## Task requirements
Only the lines below starting at the one that contains "Casa à venda com 125m², 3 quartos e 4 vagas Casa" and ending at the one that contains "black cargos" are to be reproduced, exactly and with both ends kept.

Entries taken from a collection
——————————

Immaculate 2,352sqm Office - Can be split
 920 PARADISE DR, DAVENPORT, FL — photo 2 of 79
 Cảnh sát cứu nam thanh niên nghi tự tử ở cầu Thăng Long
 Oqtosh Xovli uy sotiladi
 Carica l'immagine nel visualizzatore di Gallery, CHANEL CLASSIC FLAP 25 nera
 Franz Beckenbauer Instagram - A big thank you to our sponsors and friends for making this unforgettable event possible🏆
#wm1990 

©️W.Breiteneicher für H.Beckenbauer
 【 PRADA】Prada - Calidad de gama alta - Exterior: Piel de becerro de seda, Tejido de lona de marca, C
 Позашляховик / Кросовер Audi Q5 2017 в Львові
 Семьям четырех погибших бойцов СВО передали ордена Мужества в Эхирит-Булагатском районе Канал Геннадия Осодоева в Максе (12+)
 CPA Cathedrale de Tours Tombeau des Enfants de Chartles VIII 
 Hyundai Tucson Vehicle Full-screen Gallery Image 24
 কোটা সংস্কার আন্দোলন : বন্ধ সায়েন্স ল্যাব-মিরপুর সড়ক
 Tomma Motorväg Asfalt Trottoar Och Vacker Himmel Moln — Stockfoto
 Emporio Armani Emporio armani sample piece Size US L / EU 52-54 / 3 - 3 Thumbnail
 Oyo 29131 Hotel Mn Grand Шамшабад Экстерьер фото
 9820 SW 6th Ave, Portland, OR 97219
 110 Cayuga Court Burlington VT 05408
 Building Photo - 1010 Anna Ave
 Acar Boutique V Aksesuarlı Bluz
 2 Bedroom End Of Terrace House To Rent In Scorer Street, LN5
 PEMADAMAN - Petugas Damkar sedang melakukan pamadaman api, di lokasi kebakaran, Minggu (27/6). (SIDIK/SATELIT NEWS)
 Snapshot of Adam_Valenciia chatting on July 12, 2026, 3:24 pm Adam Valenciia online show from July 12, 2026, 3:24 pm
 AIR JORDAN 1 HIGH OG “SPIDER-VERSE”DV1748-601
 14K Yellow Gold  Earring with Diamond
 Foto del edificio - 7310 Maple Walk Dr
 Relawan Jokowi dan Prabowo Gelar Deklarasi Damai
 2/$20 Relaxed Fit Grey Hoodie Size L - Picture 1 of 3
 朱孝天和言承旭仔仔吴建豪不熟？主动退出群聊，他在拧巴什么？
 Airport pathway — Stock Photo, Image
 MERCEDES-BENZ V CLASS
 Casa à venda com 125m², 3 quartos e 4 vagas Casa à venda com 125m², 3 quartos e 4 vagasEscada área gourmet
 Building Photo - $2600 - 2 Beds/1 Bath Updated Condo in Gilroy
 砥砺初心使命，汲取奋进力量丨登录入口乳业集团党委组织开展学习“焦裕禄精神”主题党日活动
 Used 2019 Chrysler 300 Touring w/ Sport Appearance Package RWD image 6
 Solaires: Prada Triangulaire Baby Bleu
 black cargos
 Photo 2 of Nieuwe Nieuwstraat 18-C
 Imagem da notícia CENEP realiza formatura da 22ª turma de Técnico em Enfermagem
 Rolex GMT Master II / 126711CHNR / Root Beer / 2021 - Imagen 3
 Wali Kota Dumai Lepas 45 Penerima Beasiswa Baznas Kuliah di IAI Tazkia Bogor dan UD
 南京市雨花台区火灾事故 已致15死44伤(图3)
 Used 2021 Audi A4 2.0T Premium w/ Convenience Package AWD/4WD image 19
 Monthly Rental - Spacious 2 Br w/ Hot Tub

——————————

## Task response
 Casa à venda com 125m², 3 quartos e 4 vagas Casa à venda com 125m², 3 quartos e 4 vagasEscada área gourmet
 Building Photo - $2600 - 2 Beds/1 Bath Updated Condo in Gilroy
 砥砺初心使命，汲取奋进力量丨登录入口乳业集团党委组织开展学习“焦裕禄精神”主题党日活动
 Used 2019 Chrysler 300 Touring w/ Sport Appearance Package RWD image 6
 Solaires: Prada Triangulaire Baby Bleu
 black cargos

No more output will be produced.